What I hypothesize happened in explaining the difference between the 2 diets and the reason for the dramatic difference is that. We were taking a cheat day once a week and the low carb high fat made her extremely insulin sensitive, so when we ate a little loosely on the cheat day the extra carbs triggered a huge insulin response that made her hold water. That coupled with the high fat put her body in a state where the day of and the day after the cheat day she was laying down fat and storing the extra glucose and water. Which would result in it taking her days to get back to the lower weight she previously had the week before. It also was not just weight. It was water and additional fat which was confirmed by BF testing using calipers and once we paid for the water emersion test at the day before cheat day and then again the second day after the cheat day. 

So now she runs a middle of the road carb intake, her workouts are much more productive, she is not bonking out towards the end of the week, she is losing fat and gaining muscle.
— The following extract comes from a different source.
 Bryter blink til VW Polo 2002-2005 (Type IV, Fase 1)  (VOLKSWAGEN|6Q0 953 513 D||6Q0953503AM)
With the carbs being higher all week the cheat day ends up being more like steak and wine. Other than pizza and pasta. We just don't crave the big carb meals anymore. As a result the insulin sensitivity is back to normal and no huge swings in weight the days after the cheat day. It's much easier on her body she would complain of her sides aching from bloat after a cheat day with the low carb diet. Now the cheat day is more for our own sanity and less of a stress to the body.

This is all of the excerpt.